Apple seeds and scions will be available this year starting Feb 7th. As usual, they are available early to Patrons. The webstore will be password protected for patrons until Thursday February 7th at midnight. Patrons, see member posts for the password if you didn’t get a notice by email already.
I don’t have a lot of scions, because my trees don’t always grow a lot since they are not pampered. It was also a pretty good apple year, so they put more resources into fruiting than into growing wood. They are also often on the small side, though I don’t send out anything I wouldn’t graft.
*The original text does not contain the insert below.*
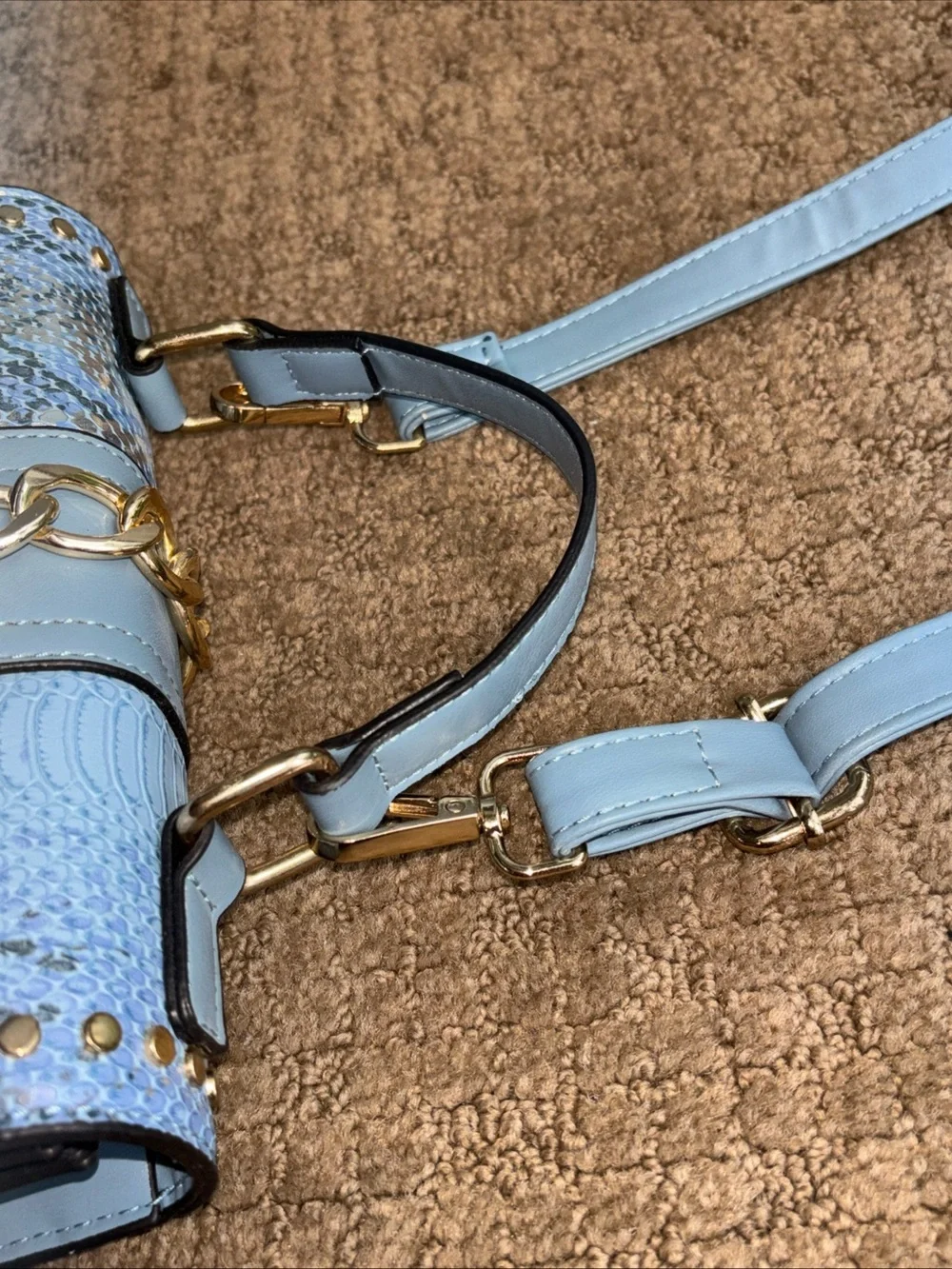 Faux snakeskin crossbody blue purse new with minor mark on bottom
In fact, if anything, I don’t send out a lot of wood that I would graft myself and usually keep the smallest scions for my projects. The good news is that my scions are cheaper than most places.
I do however have a lot of seeds. I actually have quite a few intentionally cross pollinated apple seeds this year. These are crosses that I think are promising for some reason. I can’t grow many more seedlings, so this is a way to get crosses that I think are promising out into the world. The usual caveats apply. Even with intentional crosses, you just don’t know what you are going to get. Some will be bad, some good and probably the great minority will be worthy of further propagation. I also use some fairly primitive genes in the red fleshed apples, which very likely reduces the overall success rate. The Open Pollinated seeds, those that have an unknown parent pollinated by bees, are even more of a gamble. They might be pollinated by any of 100 or more random varieties. Of course the high variability of apples is what makes them appealing to grow from seed as well, because with that randomness comes a lot of possibility.
The pollen is from last year, stored in a freezer. I can’t vouch for it’s potency or viability. I’ve kept pollen at room temperature for a year and used it successfully before, but not frozen. Freezing should keep it better, but it’s an experiment and I’ll be assessing the potency and viability of this frozen pollen myself this year. I may just collect pollen, freeze it and sell it the following year from now on, since it’s hard to get it all picked, dried and sent out in time for use the same spring.
International shipping: Scions I will send to the lower 48 United States and Alaska only. I will ship seeds and pollen internationally, but I won’t be responsible for the shipments not arriving if they are seized by customs, and I won’t lie on the customs forms about the contents. It is very expensive to ship seeds internationally, I remember recent seeds being about 13.00 U.S. Dollars to send. If you live outside the U.S. place your order in the webstore and check out, then I’ll figure out the postage and we’ll adjust the cost.